So there aren’t a lot of accidental-death claims compared to, say, conventional life insurance or health coverage.
Therefore, if you’re an insurer or a bank that receives a piece of the action, the more people you can sell such protection to, the more money you’re likely to rake in.
In Hwang’s case, the coverage was coordinated by direct-marketing giant Affinion Group, which aggressively markets accidental death coverage to the financial services industry as a “customer appreciation” program.
The idea is to use the offering of a modest $1,000 insurance policy, which might cost the bank only a few cents in premiums, as a lure to sell increased coverage that can provide significantly more in steady profit.
Affinion says in its pitch to financial institutions that accidental death insurance will “increase profitability, differentiate the institution in the marketplace, deliver incremental fee income and increase retention.”
The insurance, it says, leads to “implementation of multiple acquisition, cross-sell and up-sell direct response events,” which is marketing-speak for the chance to hawk more stuff to anyone who bought a policy.
All the bank or the credit union has to do is provide its customer list. Affinion then contacts you on behalf of the financial institution.
An Affinion spokesman declined to provide details of the program, such as the percentage of people who upgrade from free coverage to paying regular premiums.

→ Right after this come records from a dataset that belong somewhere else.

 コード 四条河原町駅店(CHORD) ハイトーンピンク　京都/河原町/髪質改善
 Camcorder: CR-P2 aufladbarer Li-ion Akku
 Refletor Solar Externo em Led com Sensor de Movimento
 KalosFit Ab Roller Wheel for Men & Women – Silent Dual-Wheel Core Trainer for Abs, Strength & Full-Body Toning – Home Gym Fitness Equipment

Hwang contacted me after encountering difficulty finding out who was behind the $8.10 charge she found on her Bank of America statement. The money, it said, had been withdrawn by “Mlife.”
It wasn’t MetLife, which would be a good first guess. The insurer turned out to be Monumental Life Insurance Co., which has roots dating back to 1858. It’s now owned by the San Francisco insurance heavyweight Transamerica.

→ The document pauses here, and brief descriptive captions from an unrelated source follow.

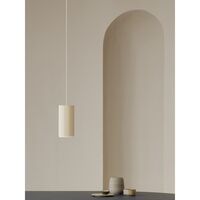 Tube Pendant Small Black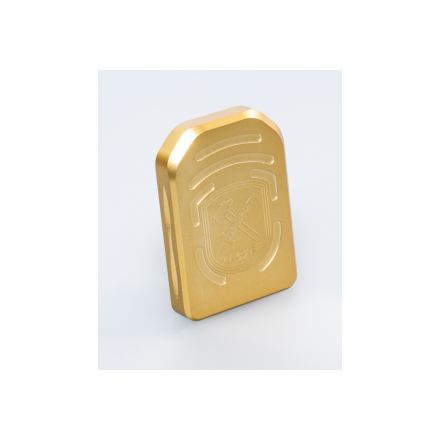 Base Pad +1rnd STD  Magwell Brass - M-Arms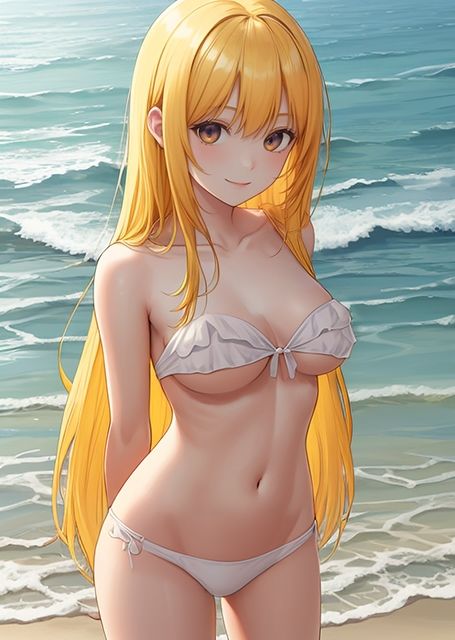 サンプル画像1:グラビア撮影しながらこっそりと赤外線盗撮しました(まいろりん) [d_401743]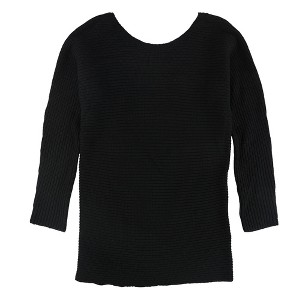 bar III Womens Crisscross Pullover Sweater - 1 of 2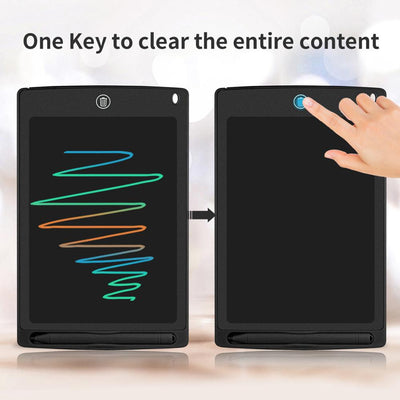 Magic 8.5-Inch LCD Writing Pad – Colorful Fun for Kids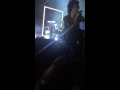 Matty Healy crying during me - the 1975 live @ house of blues Boston 12/6/14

The number provided by BofA steered Hwang to Affinion, which was handling the accidental death insurance on behalf of both the bank and the insurer.
It turns out that Hwang’s policy was initiated almost two decades ago, in January 1996, with payments coming from the joint checking account she shared with her mother.
Hwang said she didn’t question the payments, which totaled more than $600 over the years, because they were relatively small and were withdrawn every three months.
“I guess I always assumed they were legitimate,” she said.
Affinion provided Hwang with a copy of the original enrollment form this week. It showed that BofA’s original offer of $1,000 in free coverage had been upgraded to $30,000 worth of protection.
“It’s not my writing,” Hwang told me. “It’s not my signature.”
The policy names her mother as the beneficiary in the event of Hwang’s accidental death. Hwang said her mother this week acknowledged signing her daughter’s name on the enrollment form.
One lesson for all consumers from this episode is that many companies deliberately keep recurring fees at nickel-and-dime levels to discourage people from taking notice or asking questions.
As I said before, don’t fall for it. Keep close tabs on your financial statements.
At the same time, banks and credit unions shouldn’t be complicit in flogging dubious insurance to customers. Nor should they pretend that they’re doing customers a favor when they’re really trying to pad their pockets.
A BofA spokeswoman said the bank stopped offering accidental death policies in 2013 as part of efforts to “focus on core banking products and services.”
That was a step in the right direction. But an online search reveals that many other institutions continue making coverage available to customers.
Affinion’s program is listed as an “endorsed solution” by the American Bankers Assn. to “help banks make money.”
“Consumers are generally much better off buying a conventional term-life policy and basic health and disability insurance than one of these policies,” said Bach at United Policyholders.
You’d be suspicious, I imagine, if a life insurer offered to refinance your mortgage. Do you really think your bank or credit union is worried about you losing a limb?